I wrote about my issues with this feature Feb. 7, noting that it showed too many competing businesses on the Place Pages.
I still believe this to be true, and wish to see more "related" businesses. So if I search for Starbucks, I won't just see competing coffee shops, but other places to get food. Sometimes, this works well. Take this search for Starbucks, in Trumbull, CT:
Instead of all coffee shops, I get a Subway listing and other eateries in addition to Dunkin' Donuts and other coffee shops. This is much more useful than a list of nine or 10 java joints.
In Maslan's own words, Nearby Places is geared to help you "find and discover places you'd like to know about. The feature is designed for everyone searching for places, whether they be stores, transit stops or historic landmarks."

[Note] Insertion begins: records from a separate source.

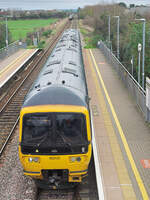 Worle, GWR DMU Class 165/1 Networker Turbo #165131 nach Weston-super-Mare einfahrend. 16. März 2024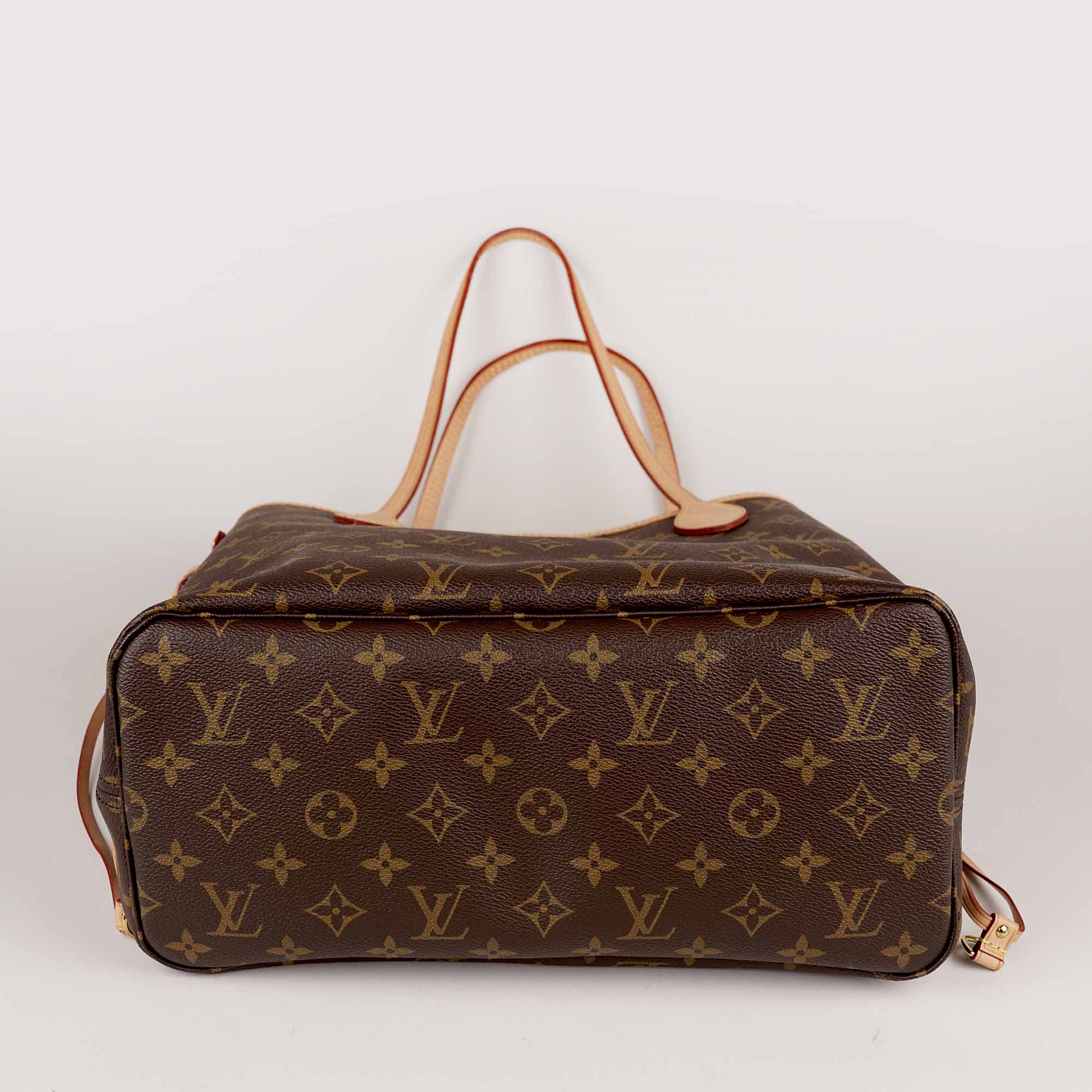 Neverfull MM Tote Bag - LOUIS VUITTON - Affordable Luxury image
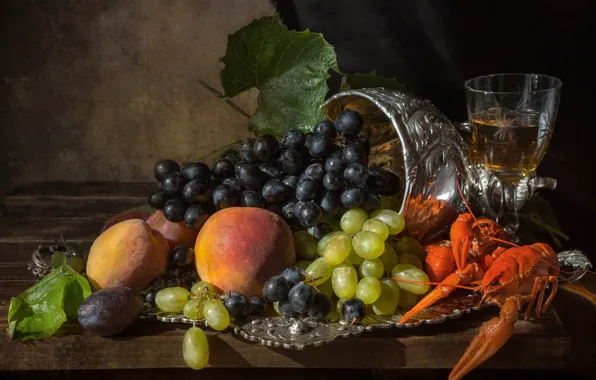 Картинка бокал, виноград, фрукты, натюрморт, персики, поднос, раки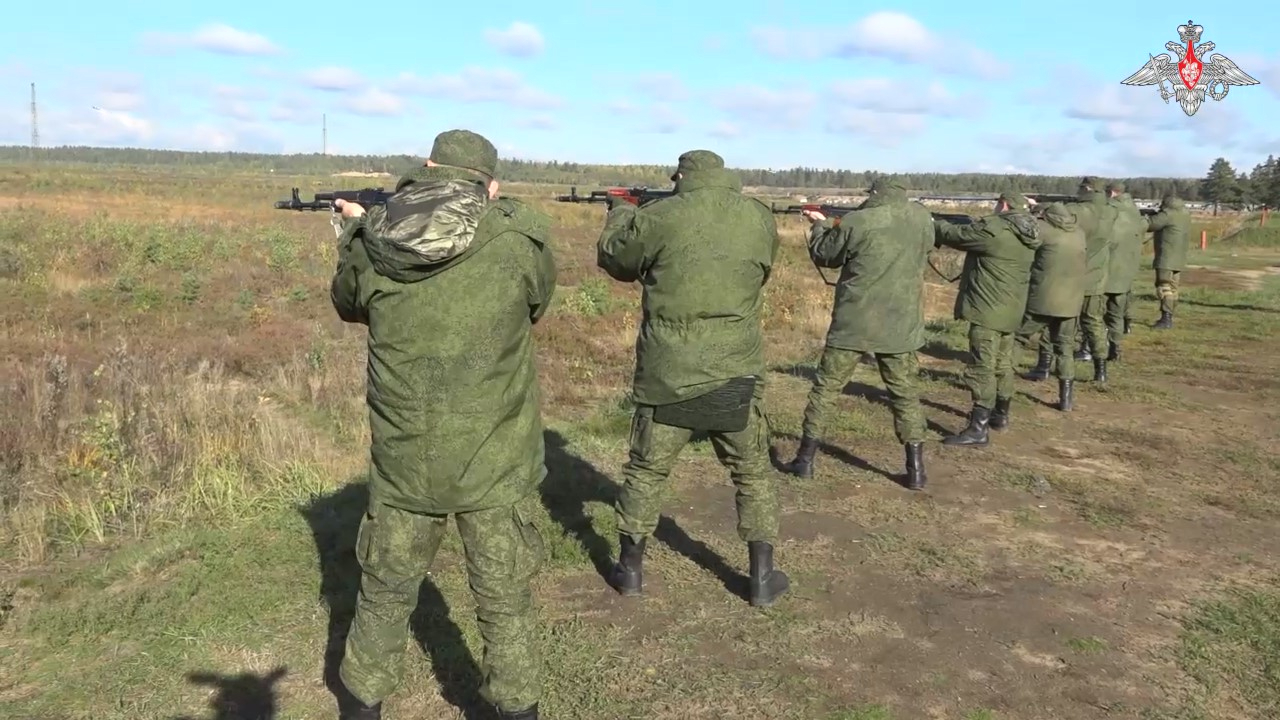 На полигоне в Сертолово мобилизованные проходят боевую подготовку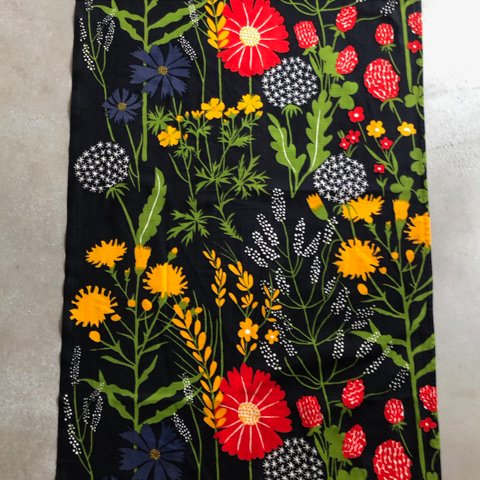 SWEDEN BLACK/RED&YELLOW FLOWERS CURTAIN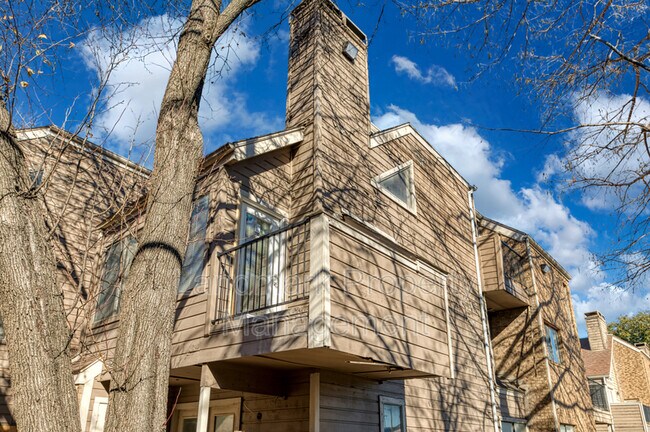 Building Photo - 9809 W Walnut St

Maslan said Google is exploring the "relatedness" among different places, which is the key to mapping out relationships among the different businesses in cities and towns.
What's clear from the interview is that Nearby Places is rather incomplete. As Blumenthal noted, some places you search for on Google Maps don't render any Nearby Places.
Maslan said the Google Maps team is still tweaking the feature, noting that Google hasn't collected enough info for all of the queries readers might make.
Blumenthal asked a lot of questions, some of which got similar stock answers, but it's interesting to note that Google is attacking Nearby Places You Might Like as a search algorithm challenge that will be constantly revised and improved.
I think we forget that, even though Maps are visual representations, Google is increasingly aggregating a lot of traditional text search data in the results. As Google improves its algorithms, better results will follow.